Dr. Andreas Nick, yapmış olduğu konuşmada ise, Rusya'nın Ukrayna'ya saldırısının öncesinde NATO'nun beyin ölümünün gerçekleştiğine dair yorumların yapıldığını hatırlatarak, NATO'nun büyük bir teste tabi tutulduğunu dile getirdi.
''NATO büyük bir sınavla yüz yüze''
Öte yandan Madrid'in ev sahipliğinde 29-30 Haziran'da düzenlenecek NATO Zirvesi'ne giderken yeni bir yaklaşım şekli olan "Stratejik Konsept" ile karşı karşıya olduklarına dikkat çeken Nick, Rusya'nın Ukrayna'ya saldırmasının ardından oluşan yeni konjonktürde konsept olarak planlanan tüm içeriklerin yeniden düşünülmesi gerektiğini aktardı.
Nick konuya yönelik, NATO'nun büyük bir sınavla yüz yüze geldiğini belirterek, "Ukrayna bir NATO üyesi olmasa da Avrupa'nın göbeğinde bağımsız bir ülkeye bu şekilde saldırılması NATO için çok büyük bir sınama oldu. Bu saldırı sonrasında yeniden toprak savunma anlayışına geri dönüldü.
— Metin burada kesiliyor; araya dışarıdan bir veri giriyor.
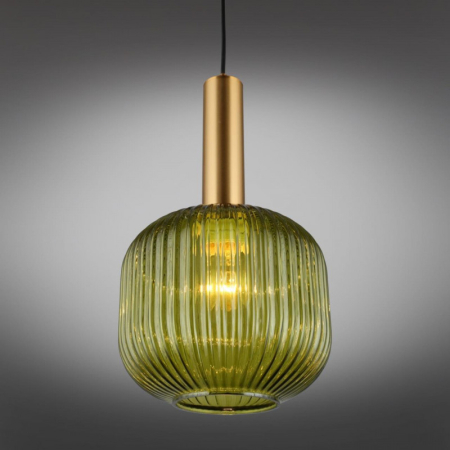 Подвесной светильник Omnilux OML-99436-01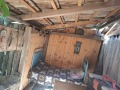 Продава КЪЩА, област Плевен, гр. Долни Дъбник • 80000 € • 32491242 — Holmes.bg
ABD askeri kaynaklarına yönelik Avrupa'daki müttefiklerinin talebi arttı" dedi.
Ayrıca ABD'nin Afganistan'dan çekilme kararı konusunda değinen Nick, NATO şemsiyesi altında 20 yıl boyunca süren iş birliği düşünüldüğü zaman bu hamleyi "büyük bir başarısızlık" olarak değerlendirdi.
Bölgedeki gerçek bambaşka
Öte yandan Hollandalı gazeteci Rena Netjes ise Batı medyasının Suriye'de yaşanılanları tam olarak anladığına inanmadığını dile getirerek, bölgedeki gerçeğin aslında bambaşka olduğunu deneyimlediğini kaydetti.
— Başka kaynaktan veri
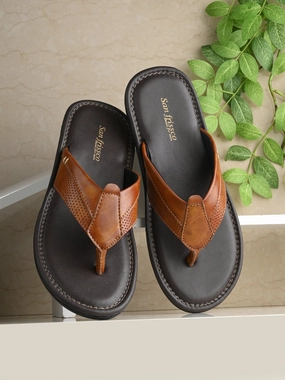 Cartoon Ballet Slippers Mellow Casual Slippers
Netjes, konuya yönelik şu ifadelere yer verdi: "2016'dan bu yana Suriye'nin kuzeybatısını araştırıyorum. Tam o yıllarda sınırdaydım, Suriye'den insanlar gelmeye başlamıştı. Onların Halep'teki Esed rejimi tarafından yapılan bombalamadan kaçtığını düşünmüştüm. Bir kadına sorduğumda 'YPG savaşçıları evimizi aldılar' dedi. Onlar Batı medyasında kahraman olarak görülüyorlardı. Bu durum beni biraz tetikledi. Neler olduğunu anlamam için beni araştırmaya yöneltti." dedi.
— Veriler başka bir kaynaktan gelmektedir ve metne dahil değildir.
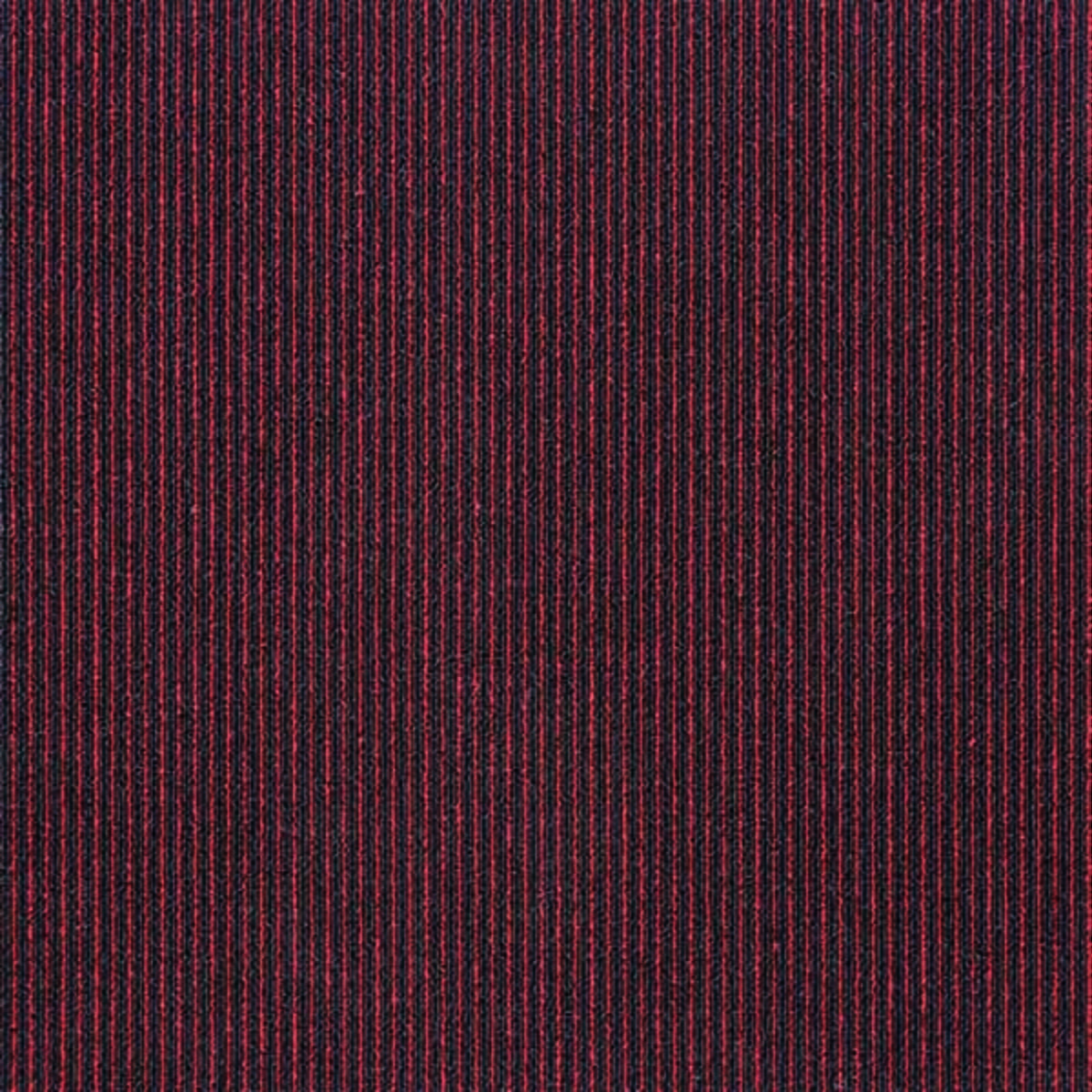 ESSENSA COVERAGE ES12-013 BLOCK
Ardından Rusya'nın bu bölgeyi bombaladığına dikkat çeken Netjes ise, "Tel Rıfat'ın sakinlerinden 100 binden fazla Arap, Türk sınırına kaçtı. Çoğu 6 yıldır kamplarda kalıyor. Rusya'nın yardımıyla YPG bu insanları evlerinden kopardı" diye söyledi.
Bölge dışı anlatılarla bölgede yaşananlar arasında resmen bambaşka bir boyutta olduğunu gözlemlediğinin altını çizen Netjes, "Batı medyasında duyduklarımla, gidip bölgenin sakinlerinden dinlediklerim arasında çok büyük fark var" şeklinde değerlendirmede bulundu.
Ewald König’ten itiraf niteliğinde açıklama
Söz konusu panelde Alman gazeteci Ewald König de Türkiye'nin oldukça önemli bir konumda ve coğrafi açıdan kritik noktada olduğunu vurgulayarak, "Türkiye'nin NATO'daki rolü çok büyük" şeklinde ifade etti. Alman siyasi analist Klaus Jürgens ise konuya ilişkin, NATO'nun önemi ve genişleme sürecini belirterek, son yıllarda yaşanmış olan pek çok gelişmeden dolayı NATO'nun yalnızca bir savunma örgütü olarak görülemeyeceğini ve kendisini yeniden tanımlaması gerektiğini vurguladı.